• _WHAT TO PRODUCE_
Up to and including the line with "GGDB slippers", please reproduce the lines below exactly, beginning with the first.
#### EXCERPTED DATA ####
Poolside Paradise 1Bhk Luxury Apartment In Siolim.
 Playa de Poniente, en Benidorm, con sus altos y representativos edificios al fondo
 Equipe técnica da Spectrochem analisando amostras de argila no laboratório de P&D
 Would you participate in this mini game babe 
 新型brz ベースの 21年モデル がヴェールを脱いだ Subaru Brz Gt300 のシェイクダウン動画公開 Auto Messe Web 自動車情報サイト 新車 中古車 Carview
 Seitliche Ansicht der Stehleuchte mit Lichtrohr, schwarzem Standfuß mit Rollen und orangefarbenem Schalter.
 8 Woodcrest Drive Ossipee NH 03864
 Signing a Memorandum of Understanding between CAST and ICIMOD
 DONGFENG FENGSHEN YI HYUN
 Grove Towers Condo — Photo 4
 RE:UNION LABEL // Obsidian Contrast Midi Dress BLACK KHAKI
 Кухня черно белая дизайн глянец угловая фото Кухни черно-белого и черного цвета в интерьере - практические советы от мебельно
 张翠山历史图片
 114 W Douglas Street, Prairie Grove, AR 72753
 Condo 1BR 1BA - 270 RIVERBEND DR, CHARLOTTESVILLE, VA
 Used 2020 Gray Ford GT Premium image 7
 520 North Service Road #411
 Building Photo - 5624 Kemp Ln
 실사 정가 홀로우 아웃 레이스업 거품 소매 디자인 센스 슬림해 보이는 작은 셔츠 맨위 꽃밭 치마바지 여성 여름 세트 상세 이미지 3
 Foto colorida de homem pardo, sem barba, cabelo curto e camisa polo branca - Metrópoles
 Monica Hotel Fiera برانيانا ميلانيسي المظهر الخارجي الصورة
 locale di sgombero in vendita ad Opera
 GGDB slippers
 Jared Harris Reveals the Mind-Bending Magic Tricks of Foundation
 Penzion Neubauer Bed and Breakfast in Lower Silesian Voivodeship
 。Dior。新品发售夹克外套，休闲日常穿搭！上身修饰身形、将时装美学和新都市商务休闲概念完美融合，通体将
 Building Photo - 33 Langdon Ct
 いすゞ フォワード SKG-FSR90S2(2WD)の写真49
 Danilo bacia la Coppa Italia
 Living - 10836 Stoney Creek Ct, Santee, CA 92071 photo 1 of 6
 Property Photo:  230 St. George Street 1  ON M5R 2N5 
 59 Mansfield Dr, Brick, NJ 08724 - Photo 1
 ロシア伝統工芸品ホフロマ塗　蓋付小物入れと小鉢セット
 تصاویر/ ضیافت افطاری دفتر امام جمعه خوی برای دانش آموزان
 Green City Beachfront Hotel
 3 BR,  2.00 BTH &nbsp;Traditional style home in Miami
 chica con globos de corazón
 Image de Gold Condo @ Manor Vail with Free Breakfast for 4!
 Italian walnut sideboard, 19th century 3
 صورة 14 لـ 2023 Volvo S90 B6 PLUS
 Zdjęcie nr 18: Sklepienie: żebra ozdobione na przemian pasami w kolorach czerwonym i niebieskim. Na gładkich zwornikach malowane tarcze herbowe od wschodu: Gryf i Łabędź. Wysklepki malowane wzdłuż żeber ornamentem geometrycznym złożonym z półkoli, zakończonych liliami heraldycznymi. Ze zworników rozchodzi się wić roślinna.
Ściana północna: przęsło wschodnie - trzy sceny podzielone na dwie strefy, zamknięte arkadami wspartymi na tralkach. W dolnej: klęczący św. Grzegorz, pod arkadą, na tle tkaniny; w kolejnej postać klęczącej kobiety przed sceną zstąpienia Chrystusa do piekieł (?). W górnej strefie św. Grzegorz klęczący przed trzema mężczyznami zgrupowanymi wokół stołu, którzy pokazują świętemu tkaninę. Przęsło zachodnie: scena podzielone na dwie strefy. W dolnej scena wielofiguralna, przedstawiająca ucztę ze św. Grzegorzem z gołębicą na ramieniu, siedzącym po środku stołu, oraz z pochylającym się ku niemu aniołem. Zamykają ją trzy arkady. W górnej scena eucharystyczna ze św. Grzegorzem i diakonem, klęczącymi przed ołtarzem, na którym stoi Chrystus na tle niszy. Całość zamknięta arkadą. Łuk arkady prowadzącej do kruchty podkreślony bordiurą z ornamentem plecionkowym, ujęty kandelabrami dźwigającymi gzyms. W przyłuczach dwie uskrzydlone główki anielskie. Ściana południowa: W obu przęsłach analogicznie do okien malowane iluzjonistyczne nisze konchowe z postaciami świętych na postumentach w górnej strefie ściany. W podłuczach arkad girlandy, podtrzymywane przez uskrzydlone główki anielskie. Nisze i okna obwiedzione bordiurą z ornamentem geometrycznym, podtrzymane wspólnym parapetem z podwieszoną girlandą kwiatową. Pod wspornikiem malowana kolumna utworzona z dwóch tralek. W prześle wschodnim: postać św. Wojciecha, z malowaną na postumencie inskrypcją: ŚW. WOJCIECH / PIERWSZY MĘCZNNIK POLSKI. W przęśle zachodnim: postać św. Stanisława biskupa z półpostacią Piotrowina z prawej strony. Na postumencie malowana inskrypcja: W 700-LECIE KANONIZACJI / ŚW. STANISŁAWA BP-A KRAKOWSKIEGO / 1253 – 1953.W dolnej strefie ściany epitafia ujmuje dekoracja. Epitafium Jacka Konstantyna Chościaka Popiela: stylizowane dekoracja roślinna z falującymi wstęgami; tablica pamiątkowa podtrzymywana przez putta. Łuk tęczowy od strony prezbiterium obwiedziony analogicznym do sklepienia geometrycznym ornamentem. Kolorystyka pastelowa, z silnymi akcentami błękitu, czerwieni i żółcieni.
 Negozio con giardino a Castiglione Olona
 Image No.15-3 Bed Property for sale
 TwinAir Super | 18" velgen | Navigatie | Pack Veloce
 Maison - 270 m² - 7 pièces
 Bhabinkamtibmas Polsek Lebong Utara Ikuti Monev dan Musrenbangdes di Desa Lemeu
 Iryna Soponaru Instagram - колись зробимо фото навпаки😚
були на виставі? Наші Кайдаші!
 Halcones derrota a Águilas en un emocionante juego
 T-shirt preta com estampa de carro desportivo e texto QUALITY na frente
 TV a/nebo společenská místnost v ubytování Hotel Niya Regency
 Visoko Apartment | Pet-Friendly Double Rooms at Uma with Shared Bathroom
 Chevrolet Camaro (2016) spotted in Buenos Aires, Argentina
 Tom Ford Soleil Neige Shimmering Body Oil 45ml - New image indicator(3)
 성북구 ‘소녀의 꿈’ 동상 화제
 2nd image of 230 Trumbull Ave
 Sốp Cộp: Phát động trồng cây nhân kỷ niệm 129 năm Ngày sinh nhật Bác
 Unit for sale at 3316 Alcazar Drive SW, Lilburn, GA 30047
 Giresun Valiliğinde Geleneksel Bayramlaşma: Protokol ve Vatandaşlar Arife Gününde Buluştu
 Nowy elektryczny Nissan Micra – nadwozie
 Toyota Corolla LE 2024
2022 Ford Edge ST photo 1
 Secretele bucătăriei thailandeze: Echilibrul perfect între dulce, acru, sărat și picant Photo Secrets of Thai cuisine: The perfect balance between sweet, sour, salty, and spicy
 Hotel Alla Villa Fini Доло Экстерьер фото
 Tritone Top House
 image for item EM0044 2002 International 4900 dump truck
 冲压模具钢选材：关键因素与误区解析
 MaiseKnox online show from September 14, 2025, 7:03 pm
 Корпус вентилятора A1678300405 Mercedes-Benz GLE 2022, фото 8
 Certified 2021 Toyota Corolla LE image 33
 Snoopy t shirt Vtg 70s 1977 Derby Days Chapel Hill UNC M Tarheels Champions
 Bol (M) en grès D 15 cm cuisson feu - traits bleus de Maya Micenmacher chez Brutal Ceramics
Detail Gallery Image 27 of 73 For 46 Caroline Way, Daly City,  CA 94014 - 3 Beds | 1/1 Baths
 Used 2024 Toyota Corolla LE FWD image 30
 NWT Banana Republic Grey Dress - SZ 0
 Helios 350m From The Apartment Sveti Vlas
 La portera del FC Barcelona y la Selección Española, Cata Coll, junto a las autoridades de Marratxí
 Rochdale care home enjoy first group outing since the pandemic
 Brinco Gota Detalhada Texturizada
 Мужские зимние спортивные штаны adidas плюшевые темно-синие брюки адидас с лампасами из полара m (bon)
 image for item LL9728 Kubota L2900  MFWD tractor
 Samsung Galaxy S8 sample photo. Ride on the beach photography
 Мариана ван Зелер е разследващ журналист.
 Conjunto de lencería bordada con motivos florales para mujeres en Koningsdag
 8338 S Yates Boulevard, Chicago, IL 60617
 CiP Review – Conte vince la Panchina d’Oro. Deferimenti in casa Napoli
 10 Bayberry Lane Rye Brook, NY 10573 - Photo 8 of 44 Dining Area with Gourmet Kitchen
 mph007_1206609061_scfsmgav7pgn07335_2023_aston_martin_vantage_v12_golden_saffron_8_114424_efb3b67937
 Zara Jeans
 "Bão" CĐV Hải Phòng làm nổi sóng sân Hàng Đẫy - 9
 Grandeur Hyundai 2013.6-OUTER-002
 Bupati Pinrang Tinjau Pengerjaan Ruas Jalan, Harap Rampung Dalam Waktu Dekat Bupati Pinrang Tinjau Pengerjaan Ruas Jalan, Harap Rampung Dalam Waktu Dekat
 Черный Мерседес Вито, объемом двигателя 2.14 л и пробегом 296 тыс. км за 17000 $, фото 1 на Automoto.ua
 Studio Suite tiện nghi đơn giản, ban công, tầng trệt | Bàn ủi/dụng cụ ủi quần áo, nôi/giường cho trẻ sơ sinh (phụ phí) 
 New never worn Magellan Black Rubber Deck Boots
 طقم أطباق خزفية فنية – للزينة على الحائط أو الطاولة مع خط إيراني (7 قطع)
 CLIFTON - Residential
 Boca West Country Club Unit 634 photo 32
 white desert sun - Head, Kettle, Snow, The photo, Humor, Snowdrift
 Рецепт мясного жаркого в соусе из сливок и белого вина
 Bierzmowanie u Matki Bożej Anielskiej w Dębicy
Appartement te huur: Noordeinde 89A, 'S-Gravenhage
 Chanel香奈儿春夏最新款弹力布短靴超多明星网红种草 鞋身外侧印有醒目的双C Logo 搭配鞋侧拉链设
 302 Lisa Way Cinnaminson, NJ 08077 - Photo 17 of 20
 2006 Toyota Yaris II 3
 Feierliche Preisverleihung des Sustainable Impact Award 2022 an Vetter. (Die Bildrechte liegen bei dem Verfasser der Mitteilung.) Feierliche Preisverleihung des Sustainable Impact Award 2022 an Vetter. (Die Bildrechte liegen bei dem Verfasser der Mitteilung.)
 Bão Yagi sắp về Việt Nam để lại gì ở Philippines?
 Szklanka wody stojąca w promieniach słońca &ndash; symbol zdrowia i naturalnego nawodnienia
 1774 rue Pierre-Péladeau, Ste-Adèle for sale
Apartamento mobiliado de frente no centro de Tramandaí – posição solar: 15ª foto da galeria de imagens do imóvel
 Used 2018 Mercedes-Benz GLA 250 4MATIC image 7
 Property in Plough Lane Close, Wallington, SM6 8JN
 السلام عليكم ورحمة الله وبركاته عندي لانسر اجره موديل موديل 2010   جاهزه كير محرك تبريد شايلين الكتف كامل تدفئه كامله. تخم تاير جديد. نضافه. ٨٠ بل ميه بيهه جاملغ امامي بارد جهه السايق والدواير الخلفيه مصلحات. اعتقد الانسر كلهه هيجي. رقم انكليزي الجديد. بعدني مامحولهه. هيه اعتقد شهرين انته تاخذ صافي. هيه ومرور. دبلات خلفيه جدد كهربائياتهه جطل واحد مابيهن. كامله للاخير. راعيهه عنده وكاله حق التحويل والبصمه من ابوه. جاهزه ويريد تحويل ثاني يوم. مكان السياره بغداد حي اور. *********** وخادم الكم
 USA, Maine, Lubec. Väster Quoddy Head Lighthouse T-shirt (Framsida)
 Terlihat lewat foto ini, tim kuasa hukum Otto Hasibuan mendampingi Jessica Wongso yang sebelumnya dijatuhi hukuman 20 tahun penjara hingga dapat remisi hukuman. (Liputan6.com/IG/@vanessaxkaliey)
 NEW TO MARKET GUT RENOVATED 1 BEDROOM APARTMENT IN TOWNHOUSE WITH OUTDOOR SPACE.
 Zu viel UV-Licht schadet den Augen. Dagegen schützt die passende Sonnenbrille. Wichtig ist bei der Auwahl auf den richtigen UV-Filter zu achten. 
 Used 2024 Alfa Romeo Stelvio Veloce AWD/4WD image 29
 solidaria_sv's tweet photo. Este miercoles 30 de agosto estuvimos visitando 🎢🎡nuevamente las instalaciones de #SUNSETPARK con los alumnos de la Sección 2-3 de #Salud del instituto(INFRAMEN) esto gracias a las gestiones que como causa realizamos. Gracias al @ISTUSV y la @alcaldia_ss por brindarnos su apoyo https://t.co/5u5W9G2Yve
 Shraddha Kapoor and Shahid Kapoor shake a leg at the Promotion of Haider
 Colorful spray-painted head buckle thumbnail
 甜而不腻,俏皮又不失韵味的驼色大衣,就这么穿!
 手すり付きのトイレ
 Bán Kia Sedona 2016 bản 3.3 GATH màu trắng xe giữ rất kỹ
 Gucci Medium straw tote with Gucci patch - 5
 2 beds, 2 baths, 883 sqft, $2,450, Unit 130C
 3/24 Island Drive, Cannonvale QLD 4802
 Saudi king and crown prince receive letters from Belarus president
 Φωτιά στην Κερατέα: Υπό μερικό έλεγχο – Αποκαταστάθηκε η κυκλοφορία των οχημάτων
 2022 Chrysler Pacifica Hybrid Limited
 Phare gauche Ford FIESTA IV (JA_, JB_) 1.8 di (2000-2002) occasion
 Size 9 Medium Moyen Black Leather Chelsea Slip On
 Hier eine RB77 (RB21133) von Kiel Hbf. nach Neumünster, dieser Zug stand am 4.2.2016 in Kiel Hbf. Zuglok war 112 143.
####
• _RESPONSE AREA_
Poolside Paradise 1Bhk Luxury Apartment In Siolim.
 Playa de Poniente, en Benidorm, con sus altos y representativos edificios al fondo
 Equipe técnica da Spectrochem analisando amostras de argila no laboratório de P&D
 Would you participate in this mini game babe 
 新型brz ベースの 21年モデル がヴェールを脱いだ Subaru Brz Gt300 のシェイクダウン動画公開 Auto Messe Web 自動車情報サイト 新車 中古車 Carview
 Seitliche Ansicht der Stehleuchte mit Lichtrohr, schwarzem Standfuß mit Rollen und orangefarbenem Schalter.
 8 Woodcrest Drive Ossipee NH 03864
 Signing a Memorandum of Understanding between CAST and ICIMOD
 DONGFENG FENGSHEN YI HYUN
 Grove Towers Condo — Photo 4
 RE:UNION LABEL // Obsidian Contrast Midi Dress BLACK KHAKI
 Кухня черно белая дизайн глянец угловая фото Кухни черно-белого и черного цвета в интерьере - практические советы от мебельно
 张翠山历史图片
 114 W Douglas Street, Prairie Grove, AR 72753
 Condo 1BR 1BA - 270 RIVERBEND DR, CHARLOTTESVILLE, VA
 Used 2020 Gray Ford GT Premium image 7
 520 North Service Road #411
 Building Photo - 5624 Kemp Ln
 실사 정가 홀로우 아웃 레이스업 거품 소매 디자인 센스 슬림해 보이는 작은 셔츠 맨위 꽃밭 치마바지 여성 여름 세트 상세 이미지 3
 Foto colorida de homem pardo, sem barba, cabelo curto e camisa polo branca - Metrópoles
 Monica Hotel Fiera برانيانا ميلانيسي المظهر الخارجي الصورة
 locale di sgombero in vendita ad Opera
 GGDB slippers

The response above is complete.